Clinical-stage biotechnology company Centivax Inc announced on Thursday that the first participants have been dosed in the company's Phase 1A clinical trial evaluating Centi-Flu 01, a pan-influenza universal flu vaccine, in healthy volunteers.
The trial is a randomised, double-blind, placebo-controlled, dose escalation study with an open-label active-controlled phase, to evaluate the safety and immunogenicity of Centi-Flu 01 in healthy adults 18-64 years of age, and those 65 and older.
According to Centivax, Phase 1A represents a key milestone toward a new kind of flu vaccine designed to provide broader, more reliable protection than standard seasonal vaccines -- protecting against currently circulating strains, future strains, and pandemic strains.

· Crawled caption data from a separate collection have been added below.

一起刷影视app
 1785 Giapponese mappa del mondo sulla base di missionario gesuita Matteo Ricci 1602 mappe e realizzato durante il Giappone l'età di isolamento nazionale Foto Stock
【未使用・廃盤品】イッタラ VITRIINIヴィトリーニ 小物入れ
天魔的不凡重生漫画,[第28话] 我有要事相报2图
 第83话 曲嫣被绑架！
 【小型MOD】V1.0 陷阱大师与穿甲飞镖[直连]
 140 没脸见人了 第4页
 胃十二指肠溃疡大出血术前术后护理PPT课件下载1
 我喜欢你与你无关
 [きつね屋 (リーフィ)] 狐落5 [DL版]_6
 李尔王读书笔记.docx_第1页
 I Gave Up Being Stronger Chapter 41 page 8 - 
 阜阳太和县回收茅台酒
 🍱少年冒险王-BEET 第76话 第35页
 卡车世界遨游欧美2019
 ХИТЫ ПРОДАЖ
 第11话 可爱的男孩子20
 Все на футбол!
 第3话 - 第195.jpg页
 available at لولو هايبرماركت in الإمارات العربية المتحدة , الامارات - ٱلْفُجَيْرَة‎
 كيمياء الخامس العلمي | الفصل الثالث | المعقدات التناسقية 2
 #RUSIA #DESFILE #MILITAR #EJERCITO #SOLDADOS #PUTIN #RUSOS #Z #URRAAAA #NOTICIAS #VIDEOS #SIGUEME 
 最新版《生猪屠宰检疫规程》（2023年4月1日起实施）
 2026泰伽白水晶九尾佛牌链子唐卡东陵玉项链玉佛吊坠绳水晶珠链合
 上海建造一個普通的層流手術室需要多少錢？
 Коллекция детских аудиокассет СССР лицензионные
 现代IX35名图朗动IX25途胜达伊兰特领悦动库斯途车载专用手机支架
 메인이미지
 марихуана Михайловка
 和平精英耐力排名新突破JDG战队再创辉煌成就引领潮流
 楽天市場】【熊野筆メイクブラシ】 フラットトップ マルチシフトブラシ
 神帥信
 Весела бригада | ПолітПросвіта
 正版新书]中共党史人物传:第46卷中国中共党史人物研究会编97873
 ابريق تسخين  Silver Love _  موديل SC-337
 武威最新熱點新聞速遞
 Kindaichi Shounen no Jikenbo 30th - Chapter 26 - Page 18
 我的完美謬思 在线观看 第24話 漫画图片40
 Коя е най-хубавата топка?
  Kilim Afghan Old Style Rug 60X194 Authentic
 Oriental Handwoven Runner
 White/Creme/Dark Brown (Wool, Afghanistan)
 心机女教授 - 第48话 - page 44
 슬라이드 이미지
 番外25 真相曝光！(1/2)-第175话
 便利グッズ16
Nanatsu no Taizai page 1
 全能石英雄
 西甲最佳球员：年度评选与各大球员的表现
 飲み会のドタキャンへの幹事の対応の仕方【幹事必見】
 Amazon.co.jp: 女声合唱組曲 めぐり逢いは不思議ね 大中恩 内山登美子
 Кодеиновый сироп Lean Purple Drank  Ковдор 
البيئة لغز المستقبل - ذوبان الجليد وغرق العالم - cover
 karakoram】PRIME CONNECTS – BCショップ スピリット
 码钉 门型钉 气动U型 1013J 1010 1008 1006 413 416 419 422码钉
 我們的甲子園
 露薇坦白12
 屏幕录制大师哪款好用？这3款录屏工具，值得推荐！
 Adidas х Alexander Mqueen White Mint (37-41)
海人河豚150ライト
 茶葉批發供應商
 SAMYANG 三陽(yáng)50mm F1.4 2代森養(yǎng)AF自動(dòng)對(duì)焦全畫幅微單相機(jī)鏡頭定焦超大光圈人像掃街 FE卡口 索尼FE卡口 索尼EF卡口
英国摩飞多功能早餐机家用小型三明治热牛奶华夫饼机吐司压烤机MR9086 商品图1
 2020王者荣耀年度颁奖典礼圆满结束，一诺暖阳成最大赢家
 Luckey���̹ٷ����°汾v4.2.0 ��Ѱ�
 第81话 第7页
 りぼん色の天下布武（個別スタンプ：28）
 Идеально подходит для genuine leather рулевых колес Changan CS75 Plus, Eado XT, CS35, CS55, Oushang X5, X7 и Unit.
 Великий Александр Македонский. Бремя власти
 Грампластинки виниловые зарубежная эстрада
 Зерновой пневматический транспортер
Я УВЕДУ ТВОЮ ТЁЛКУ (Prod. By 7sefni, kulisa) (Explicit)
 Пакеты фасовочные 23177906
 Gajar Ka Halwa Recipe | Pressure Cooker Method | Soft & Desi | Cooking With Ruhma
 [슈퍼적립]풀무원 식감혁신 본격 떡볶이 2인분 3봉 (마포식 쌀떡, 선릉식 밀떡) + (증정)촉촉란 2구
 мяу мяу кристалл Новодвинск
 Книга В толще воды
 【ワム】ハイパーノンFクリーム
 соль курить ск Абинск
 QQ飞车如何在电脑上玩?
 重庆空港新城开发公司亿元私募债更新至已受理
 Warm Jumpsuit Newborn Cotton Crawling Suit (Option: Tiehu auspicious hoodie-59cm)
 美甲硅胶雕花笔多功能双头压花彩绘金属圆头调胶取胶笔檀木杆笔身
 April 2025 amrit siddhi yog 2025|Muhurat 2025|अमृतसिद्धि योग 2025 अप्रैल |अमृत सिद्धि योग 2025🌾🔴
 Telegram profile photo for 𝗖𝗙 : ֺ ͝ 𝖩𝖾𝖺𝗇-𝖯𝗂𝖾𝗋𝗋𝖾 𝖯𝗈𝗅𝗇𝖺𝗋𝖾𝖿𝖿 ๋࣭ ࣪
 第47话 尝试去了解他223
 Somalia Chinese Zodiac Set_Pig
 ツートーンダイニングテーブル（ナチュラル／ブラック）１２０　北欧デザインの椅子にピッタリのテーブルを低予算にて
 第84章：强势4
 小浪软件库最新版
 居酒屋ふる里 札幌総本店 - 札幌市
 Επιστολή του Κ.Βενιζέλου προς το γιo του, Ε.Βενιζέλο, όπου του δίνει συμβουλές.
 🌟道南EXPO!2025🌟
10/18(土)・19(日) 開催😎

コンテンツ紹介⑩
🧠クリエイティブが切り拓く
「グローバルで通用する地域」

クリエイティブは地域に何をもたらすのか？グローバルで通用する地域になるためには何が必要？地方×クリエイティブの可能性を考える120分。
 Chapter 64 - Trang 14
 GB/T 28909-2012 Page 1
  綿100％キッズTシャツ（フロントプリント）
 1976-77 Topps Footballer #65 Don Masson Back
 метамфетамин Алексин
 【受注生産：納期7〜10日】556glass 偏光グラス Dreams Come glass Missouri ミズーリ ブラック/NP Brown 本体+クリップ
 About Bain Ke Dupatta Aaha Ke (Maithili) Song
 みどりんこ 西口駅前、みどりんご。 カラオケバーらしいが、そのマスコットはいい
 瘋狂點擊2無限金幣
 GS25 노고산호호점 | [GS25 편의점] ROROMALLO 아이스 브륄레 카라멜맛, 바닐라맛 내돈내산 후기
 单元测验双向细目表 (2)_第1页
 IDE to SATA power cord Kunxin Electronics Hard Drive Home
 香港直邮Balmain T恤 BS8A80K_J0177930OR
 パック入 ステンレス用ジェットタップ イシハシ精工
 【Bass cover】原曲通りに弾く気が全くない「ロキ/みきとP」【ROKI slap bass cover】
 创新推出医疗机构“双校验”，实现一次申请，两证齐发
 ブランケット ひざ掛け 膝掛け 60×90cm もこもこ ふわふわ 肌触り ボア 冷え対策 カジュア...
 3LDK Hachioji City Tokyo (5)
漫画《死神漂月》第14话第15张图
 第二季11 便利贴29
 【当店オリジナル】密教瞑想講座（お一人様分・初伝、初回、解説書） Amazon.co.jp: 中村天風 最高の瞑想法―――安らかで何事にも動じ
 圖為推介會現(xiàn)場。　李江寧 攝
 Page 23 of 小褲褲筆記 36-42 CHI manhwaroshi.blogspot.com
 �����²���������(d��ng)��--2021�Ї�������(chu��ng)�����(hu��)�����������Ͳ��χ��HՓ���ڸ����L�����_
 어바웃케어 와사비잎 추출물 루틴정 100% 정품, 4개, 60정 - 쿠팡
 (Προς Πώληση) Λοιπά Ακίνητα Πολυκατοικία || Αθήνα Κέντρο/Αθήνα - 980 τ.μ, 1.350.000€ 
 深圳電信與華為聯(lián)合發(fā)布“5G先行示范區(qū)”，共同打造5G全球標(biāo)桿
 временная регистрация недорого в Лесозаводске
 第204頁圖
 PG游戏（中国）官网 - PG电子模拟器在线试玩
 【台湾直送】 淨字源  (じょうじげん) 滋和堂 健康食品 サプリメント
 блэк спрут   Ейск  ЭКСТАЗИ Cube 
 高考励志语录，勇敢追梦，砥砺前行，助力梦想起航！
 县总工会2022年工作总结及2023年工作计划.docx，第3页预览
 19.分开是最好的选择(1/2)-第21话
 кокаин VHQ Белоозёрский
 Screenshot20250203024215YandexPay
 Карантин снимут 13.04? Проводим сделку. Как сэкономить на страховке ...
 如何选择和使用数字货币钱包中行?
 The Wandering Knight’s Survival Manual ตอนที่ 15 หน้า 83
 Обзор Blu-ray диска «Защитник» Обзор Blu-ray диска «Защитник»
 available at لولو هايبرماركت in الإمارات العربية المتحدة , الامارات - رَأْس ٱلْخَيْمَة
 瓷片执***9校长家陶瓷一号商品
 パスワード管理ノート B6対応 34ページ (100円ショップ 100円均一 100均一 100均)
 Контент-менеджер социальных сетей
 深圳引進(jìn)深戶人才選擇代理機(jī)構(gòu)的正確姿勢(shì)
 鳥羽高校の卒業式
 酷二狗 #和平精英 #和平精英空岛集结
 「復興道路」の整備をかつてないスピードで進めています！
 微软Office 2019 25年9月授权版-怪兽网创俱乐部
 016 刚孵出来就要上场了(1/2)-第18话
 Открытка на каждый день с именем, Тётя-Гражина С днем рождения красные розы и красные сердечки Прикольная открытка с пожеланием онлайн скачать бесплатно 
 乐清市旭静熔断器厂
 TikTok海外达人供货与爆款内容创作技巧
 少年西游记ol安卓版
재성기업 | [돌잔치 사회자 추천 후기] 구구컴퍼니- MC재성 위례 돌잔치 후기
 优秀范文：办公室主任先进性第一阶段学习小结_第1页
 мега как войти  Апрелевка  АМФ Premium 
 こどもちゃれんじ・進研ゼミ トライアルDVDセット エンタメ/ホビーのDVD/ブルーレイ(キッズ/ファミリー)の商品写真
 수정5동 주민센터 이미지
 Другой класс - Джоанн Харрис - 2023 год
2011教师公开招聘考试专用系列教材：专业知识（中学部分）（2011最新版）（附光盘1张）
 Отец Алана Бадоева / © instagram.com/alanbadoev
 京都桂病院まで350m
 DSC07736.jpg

Unlike conventional seasonal influenza vaccines, which must be reformulated annually to attempt to match predicted circulating strains, Centi-Flu 01 is designed to focus both antibody and cellular immune responses on conserved regions of the influenza virus that cannot mutate and are shared across strains and distance subtypes. This approach aims to generate broad, consistent, and durable immunity against both seasonal and pandemic influenza.
Sawsan Youssef, PhD, Centivax founder and chief science officer, said: "For decades, flu vaccination has been reactive. A universal influenza vaccine allows us to be proactive -- moving from annual guesswork to predictable durable response."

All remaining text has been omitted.